LUIS ANTONIO DE VILLENA
En su recién aparecido Eros es más (Visor, premio Loewe), Juan Antonio González Iglesias se nos muestra en belleza y agilidad como el poeta sabio que ya conocíamos: una poesía depurada, clarísima, sin el menor asomo de hermetismo, pero con infinidad de niveles de espesor, desde la semántica a las ricas y plurales intertextualidades de un poeta filólogo, un verdadero poeta doctus.
Pero junto a esa gimnasta beldad de potros en praderío, junto a bellísimos poemas de amor homoerótico, de fieles camaradas que duermen juntos y se agradecen amor y ternura como maestros y discípulos en el aikido, «gracias por enseñarme», aparece por vez primera con toda claridad en este libro una voz que se quiere discordante con su tiempo, parcialmente por dos motivos: nos hallamos ante un poeta homosexual y cristiano, que quiere vivir su fe y su amor como si paganismo y cristianismo pudieran hermanarse; y un poeta que pide al estoicismo y al zen o al taoísmo chino (parte del budismo zen es semilla taoísta) su recado de sencillez, de humildad altiva, de ajenidad al poder y de amor a un lujo tan ocioso como sobrio. Cual los monjes del Athos.
De otro lado (como dice el endecasílabo final del poema El reinado de Adriano) al poeta le preocupa «la situación incierta de mi patria». No lo dice porque quiere mantener el pudor y la equidistancia con dos bloques políticos hoy -a mi entender- excesivamente enlodados en descalificaciones fratricidas. Pero el poeta nombra a España. Su país y el mío, que no debemos dejar que sólo pertenezca a un bando (ya vimos los males que eso trajo) y que tampoco puede ser la víctima de todos los nacionalismos, cuando hay por fortuna una Constitución plural en autonomías y libertades. ¿Por qué un poeta no reclamará su España? Yo lo hice en mi libro La Muerte únicamente en 1984, y algunos se me extrañaron entonces. Y es que precisamos desterrar tabúes y discordias, como hace este poeta salmantino, orífice de un verso que resplandece en aforismos luminosos: «Leer el diccionario como un libro de horas».

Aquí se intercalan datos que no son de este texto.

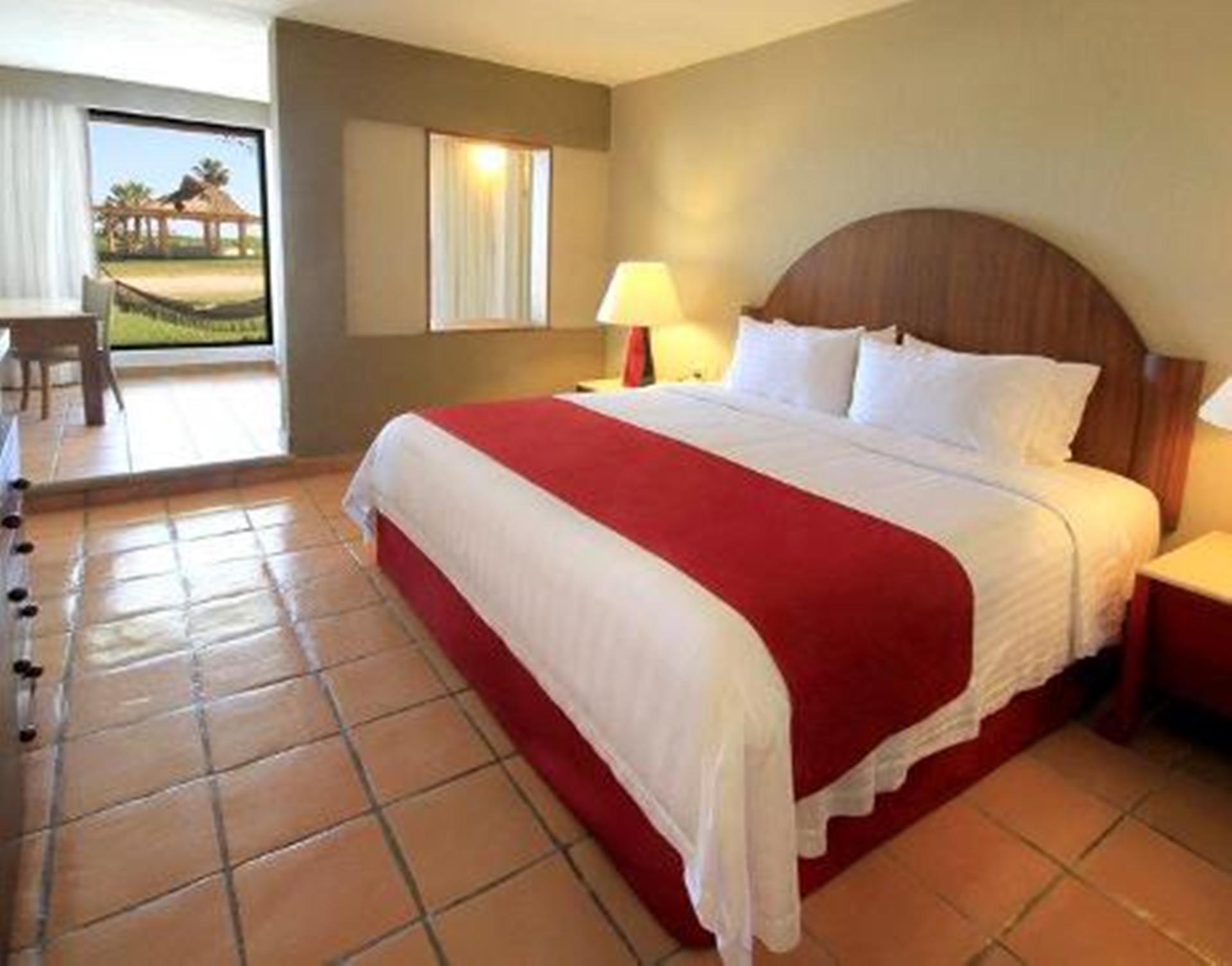 Holiday Inn Resort Los Cabos All Inclusive San José del Cabo Dış mekan fotoğraf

Oculto, cálido, algo huidizo a veces, estamos ante un poeta moderno de la Roma ascética, un estoico bajo la advocación de dos santos de la iglesia griega, que fueron soldados y amantes y que Occidente ha olvidado: San Sergio y San Baco. González Iglesias ha tenido dos maestros tutelares y cercanos: Pablo García Baena y Vicente Núñez (de quien procede el título) y otro maestro al que no conoció pero al que respeta mucho: Juan Gil-Albert, éste -al que yo traté y quise- no era nada cristiano, y sí muy pagano, pero también poseía el ritmo lento y hondo de Juan Antonio, su falta de prisa y ese convencimiento de que no hay lujo mayor que la palabra y el ocio fértil: otium divos.
Republicano en la Guerra Civil, con largo exilio interior en su Valencia, Gil-Albert también amó a España y a Adriano, el amor socrático sin tapujos, y una literatura que fuera culta y sencilla a un tiempo. ¿Juan de Valdés? Desde luego, y este Eros es más de ahora mismo.